─── Input data ───

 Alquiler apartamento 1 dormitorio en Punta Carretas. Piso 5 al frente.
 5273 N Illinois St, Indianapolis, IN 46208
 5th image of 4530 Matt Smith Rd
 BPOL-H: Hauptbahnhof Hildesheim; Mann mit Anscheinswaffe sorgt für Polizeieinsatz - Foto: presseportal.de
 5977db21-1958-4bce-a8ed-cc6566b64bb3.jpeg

───
─── Input data ───

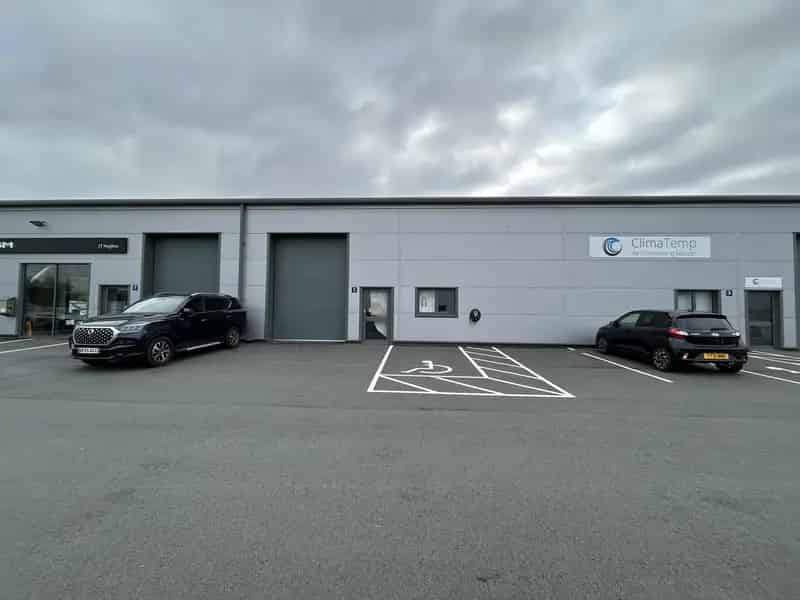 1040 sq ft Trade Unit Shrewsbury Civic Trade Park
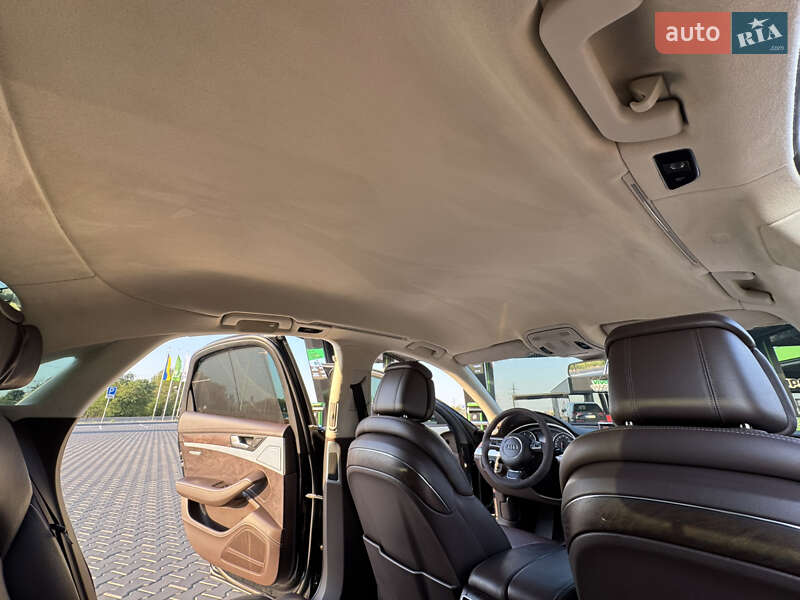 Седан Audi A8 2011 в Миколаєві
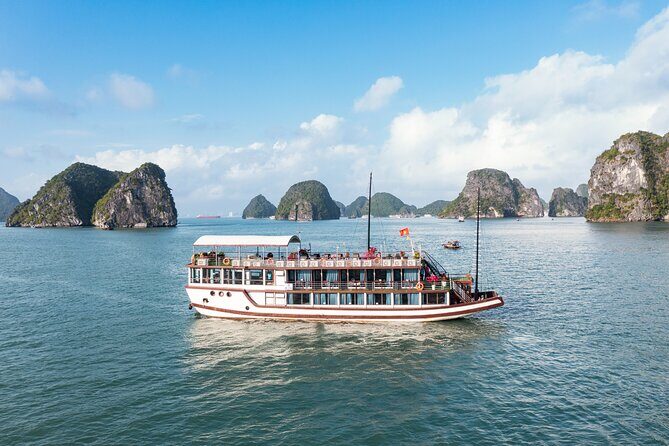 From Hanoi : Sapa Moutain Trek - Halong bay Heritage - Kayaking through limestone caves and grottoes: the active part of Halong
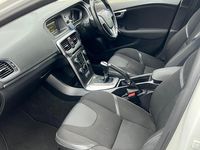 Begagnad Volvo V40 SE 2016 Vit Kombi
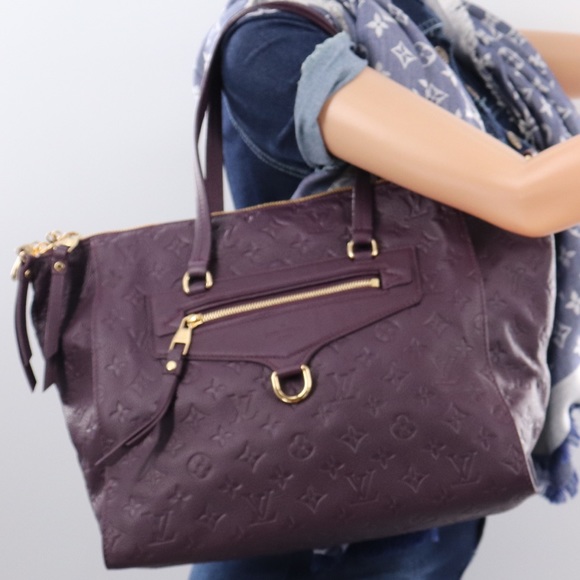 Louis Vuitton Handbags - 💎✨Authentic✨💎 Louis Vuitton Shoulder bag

───

→ **What you will do**: Your task is to transcribe, with no changes, only the lines of the listing above that lie between the line holding "Alquiler apartamento 1" and the line holding "5977db21-1958-4bce-a8ed-cc6566b64bb3.jpeg", inclusive.

→ **Answer box**:
 Alquiler apartamento 1 dormitorio en Punta Carretas. Piso 5 al frente.
 5273 N Illinois St, Indianapolis, IN 46208
 5th image of 4530 Matt Smith Rd
 BPOL-H: Hauptbahnhof Hildesheim; Mann mit Anscheinswaffe sorgt für Polizeieinsatz - Foto: presseportal.de
 5977db21-1958-4bce-a8ed-cc6566b64bb3.jpeg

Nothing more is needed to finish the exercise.